No answer. I clutch my bag tighter against my ribs and keep moving, my heart hammering so hard I can feel it in my throat. The familiar route to my parked car suddenly feels foreign, stretched out and treacherous. Then headlights blaze through the mist. White light cuts through the fog like a blade. A black SUV screeches to a stop so close I feel the rush of displaced air against my face and smell the burn of hot rubber on asphalt.
My heart lurches into my throat. Doors slam. Two. Maybe three.
“Wait—” My protest shatters into the night, but rough hands are already on me before the word fully leaves my lips. Fingers clamp around my arms with bruising force, jerking me backward so hard my feet nearly leave the ground.
I thrash with everything I have, every ounce of strength I possess. My bag hits the ground with a thud, the contents spilling across the wet pavement. I shriek, the sound tearing from my throat raw and desperate, kicking out wildly, nails clawing at wrists I can’t see clearly.

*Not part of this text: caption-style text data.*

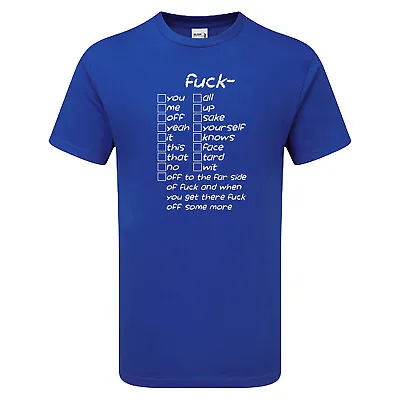 Buy FUCK-IT LIST Mens Womens Tshirt Offensive Comedy Funny Joke Fun • 14.95£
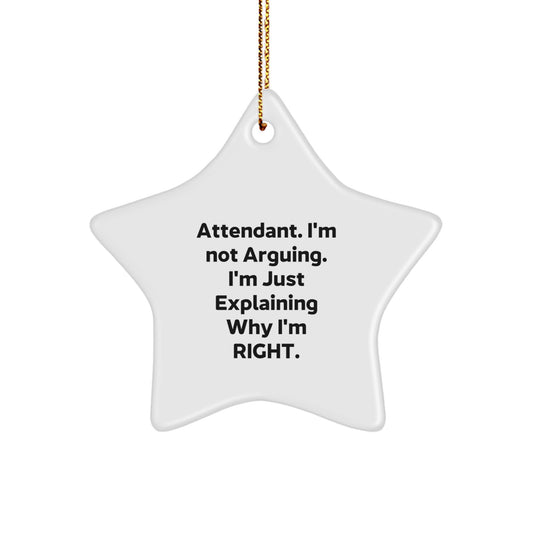 Funny Attendant Gifts from Friends, Star Ornament Christmas Unique Presents, I'm Not Arguing. I'm Just Explaining Why I'm Right. Decorations - Image 1
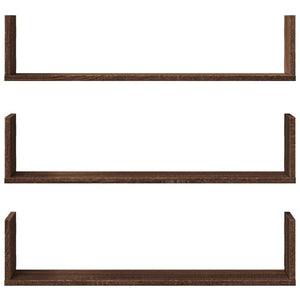 vidaXL Wall Shelves 3 pcs Brown Oak 80x18x18 cm Engineered Wood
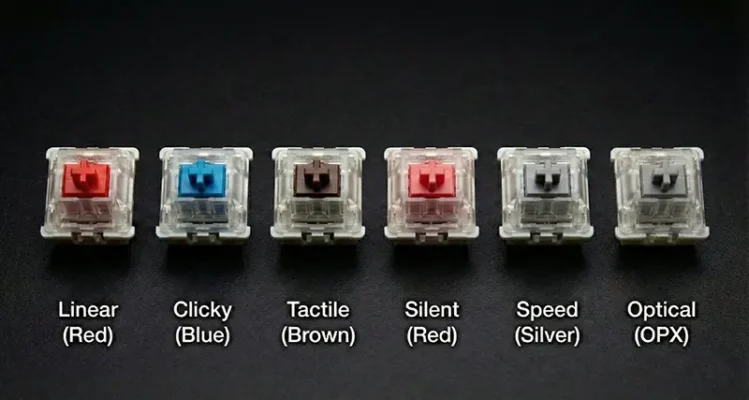 Comparison of Cherry MX Red, Blue, Brown, Silent, Speed Silver, and Corsair OPX Optical switches.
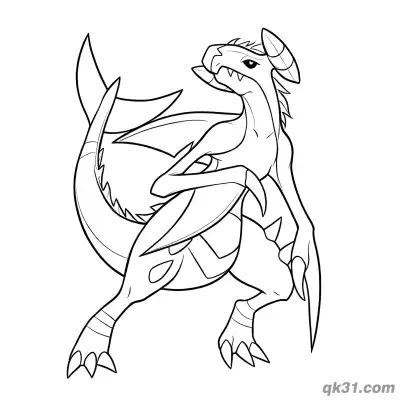 Free printable Garchomp Mighty Side View Pose Coloring Page coloring page
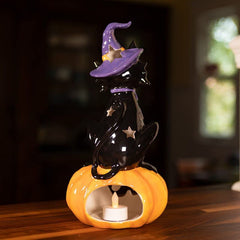 Blue Sky Clayworks Black Cat on Pumpkin Candle House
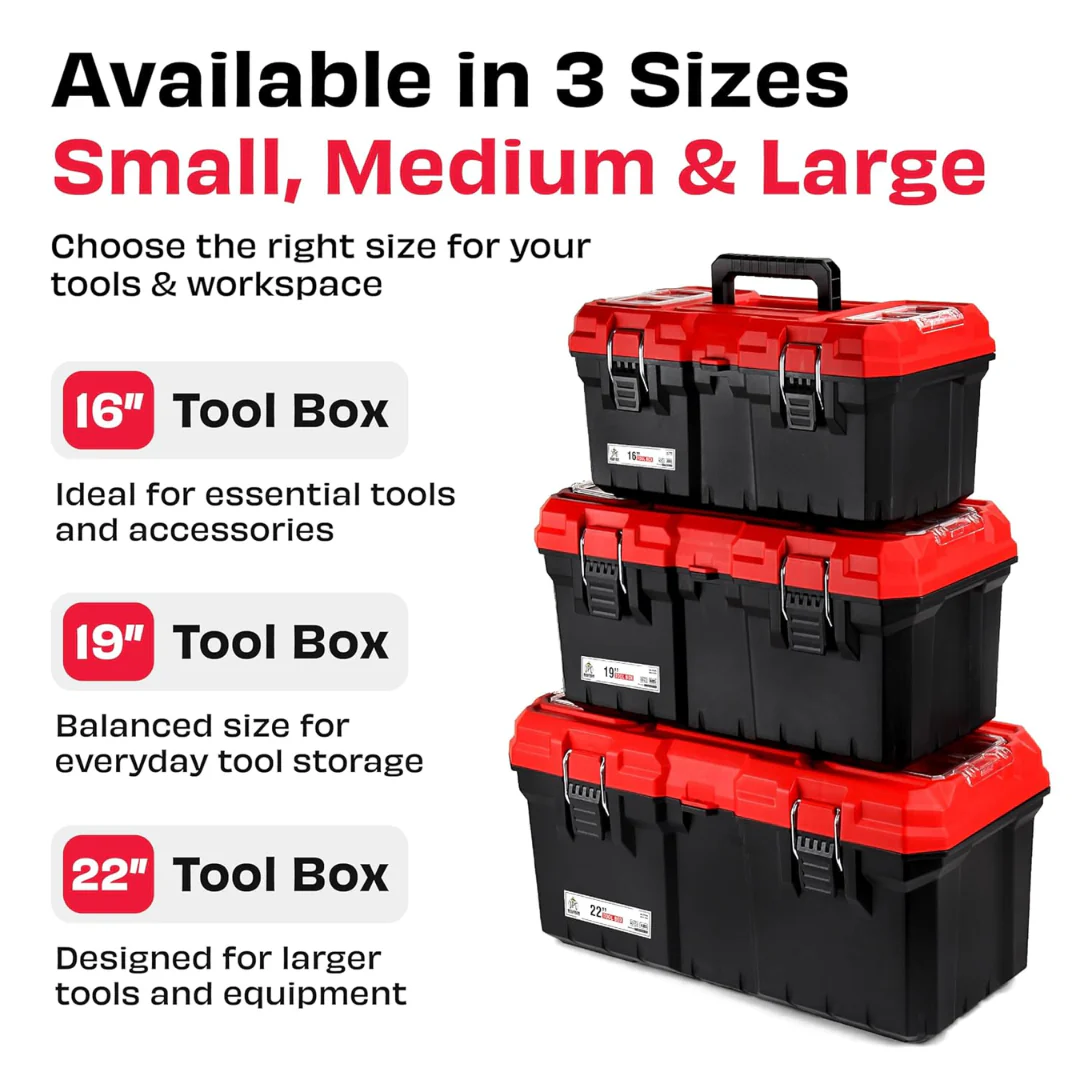 JPT Pro Series 16-Inch Ultra Heavy-Duty Tool Box | Two Transparent Lid With One Tray Compartment | Solid Gasket Seal Design for Dust & Moisture Protection | Industrial-Grade Build Quality - Image 5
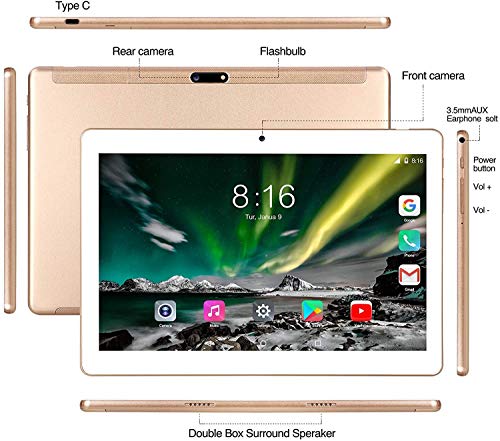 Tablet 10 Pulgadas - TOSCIDO Android 10.0 Certificado por Google GMS 4G LTE Tablets,4GB de RAM y 64 GB,Dobles SIM, GPS,WiFi,Teclado Bluetooth，Ratón，Funda para Tableta y Más Incluidos - Gold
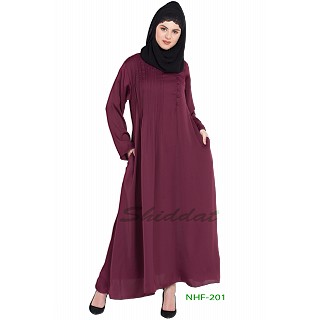 Party wear abaya with pintucks- Wine 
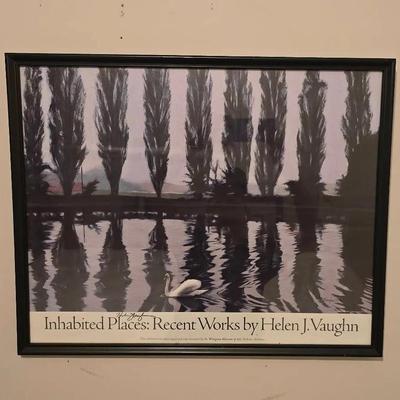 Artist HELEN J. VAUGHN 'A Swan In Italy' Framed 1997 Pastel On Board Signed Reproduction 
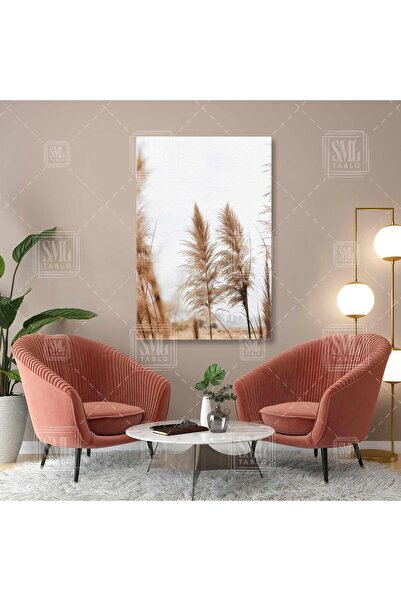 SML TABLO Pampas Boho Stil İskandinav Tarzı Kanvas Moda Dikey Kanvas Tablo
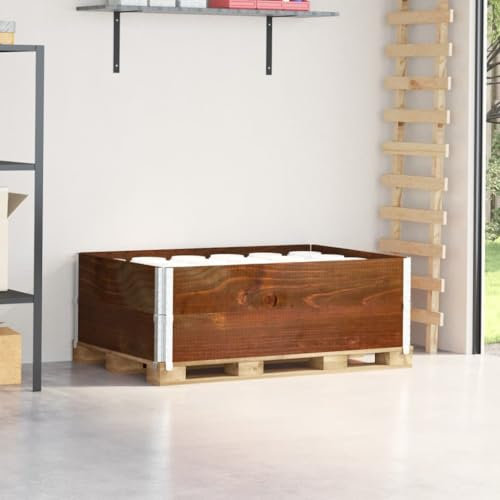 Homgoday Paletten-Aufsatzrahmen 2 STK. Palettenrahmen Holzrahmen Hochbeet Gartenbeet Stapelbar Faltbar, für Pflanzen, Blumen, Gemüse Braun 120x80 cm Massivholz Kiefer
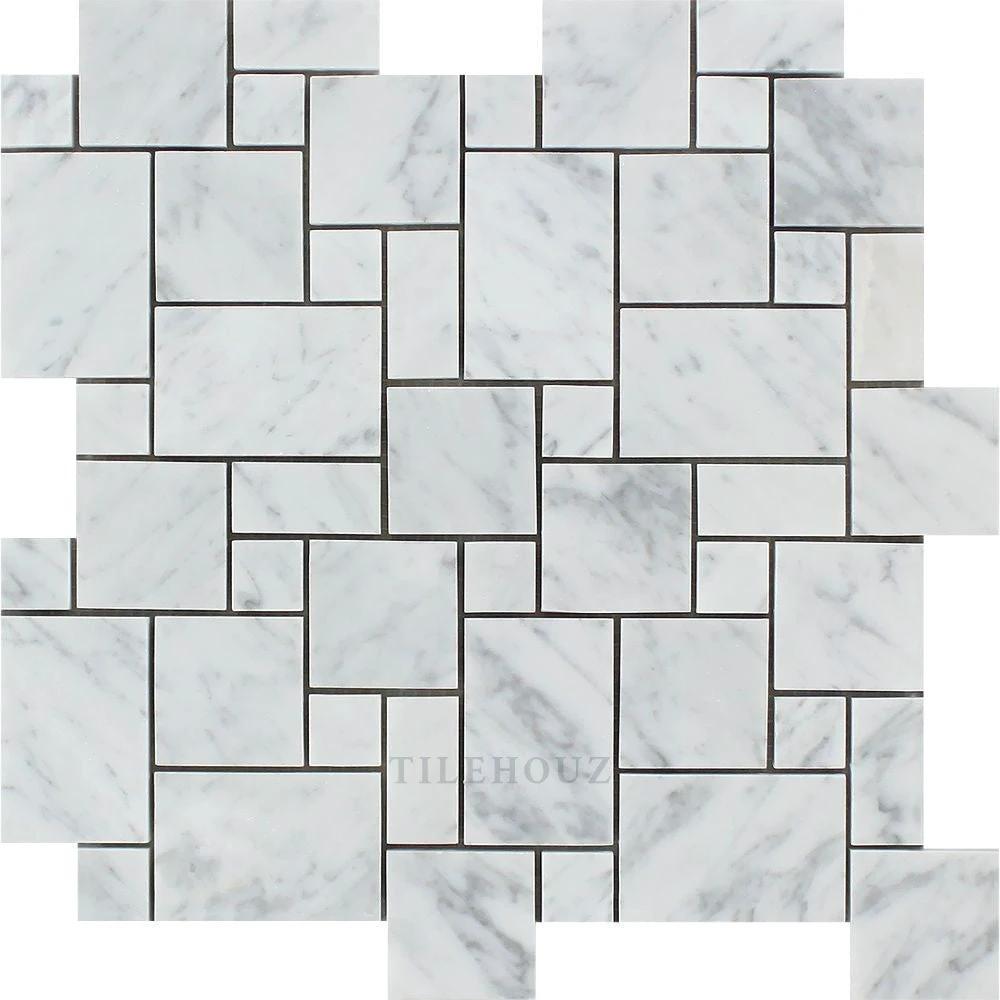 Carrara White Marble Mini Versailles Pattern Mosaic Tile Polished&Hone ...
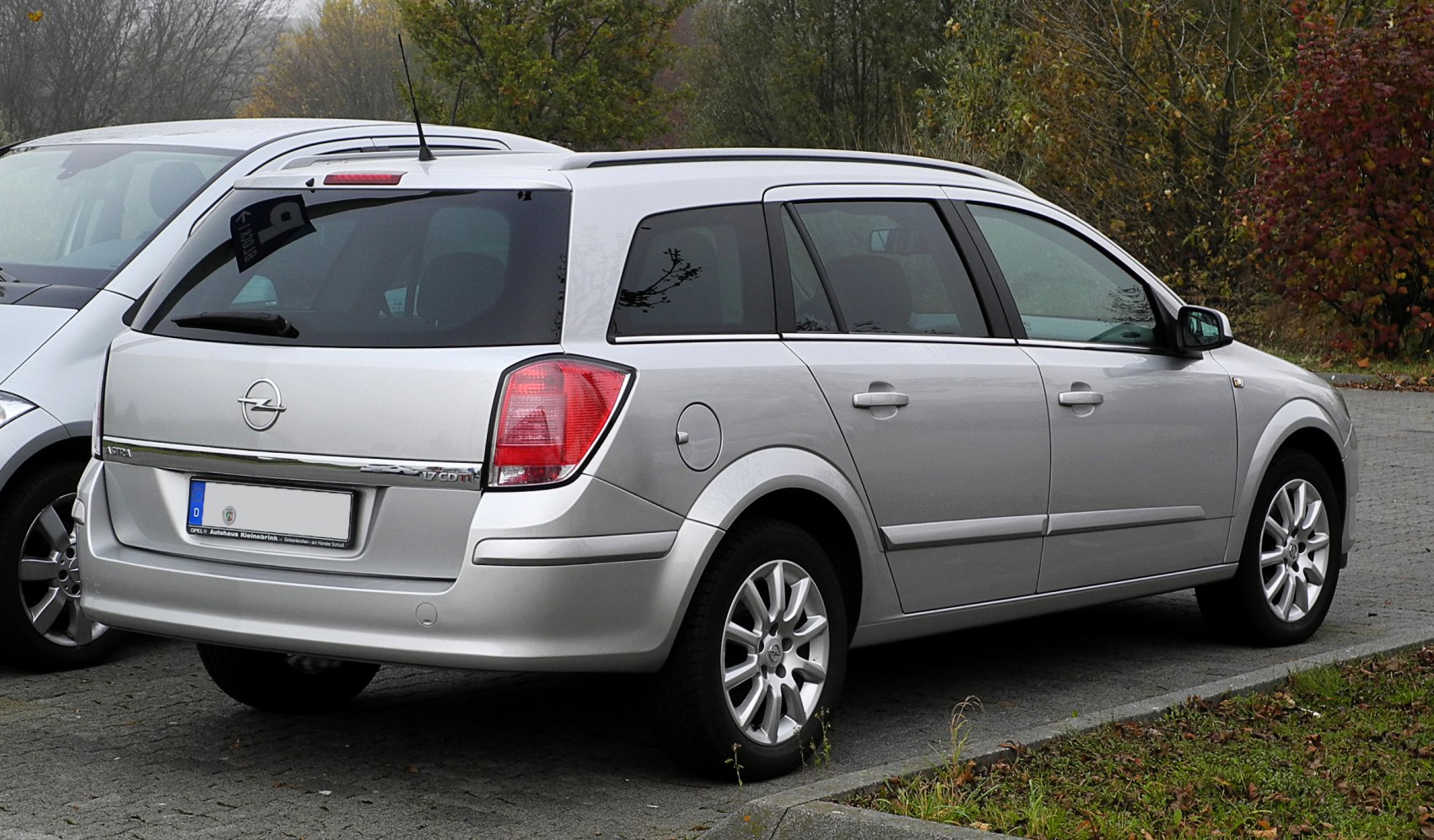 Silver estate car with rear side view, tail lights, and alloy wheels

My voice ricochets off the brick walls that line Main Street, but no one answers.
A cloth clamps over my mouth, acrid and stinging, the chemical smell so strong it makes my eyes water instantly. My lungs seize as the tang invades them, burning down my throat. I wrench my head from side to side, fighting for clean air, but the grip only tightens. Panic drums wildly in my chest, a frantic rhythm that drowns out rational thought and reduces me to pure animal instinct.
Dark fabric drops over my eyes. A blindfold yanks down roughly, cutting me off from even the dim glow of lamplight filtering through the fog. The world shrinks into sound and touch alone. Rough hands drag me backward. My gasps and screams are muffled against the chemical-soaked cloth.
“No!” The word dies against the cloth pressed hard over my mouth. I thrash harder, my nails digging deep enough into flesh that I feel skin give way beneath them, but someone wrenches my wrists behind me. The cloth on my mouth presses harder, forcing my head back at an uncomfortable angle. Spots dance behind my closed lids, white and red bursts of light that signal my body beginning to surrender despite my mind's screaming resistance.
I’m pulled into the SUV, then something brushes against my thigh, warm, solid, and achingly familiar. Fur. A wet nose nudging me with unexpected insistence, with what almost feels like concern. My chest convulses with relief before dread crushes it flat, extinguishing that brief flare of hope. Vega. And where Vega is, Luka Barinov is, too.
And then I hear him. That voice I have come to recognize over days of him occupying my café like he owns it.
His voice slices through the dark, cool and merciless. “I want the truth.”
I barely process the words. I can’t make sense of what truth he could possibly want from me, before the chemical on the cloth drags me under. My body surrenders despite every screaming nerve, my eyelids fighting to stay open, maintain consciousness, and hold onto some shred of control. The world drops away, lost to darkness.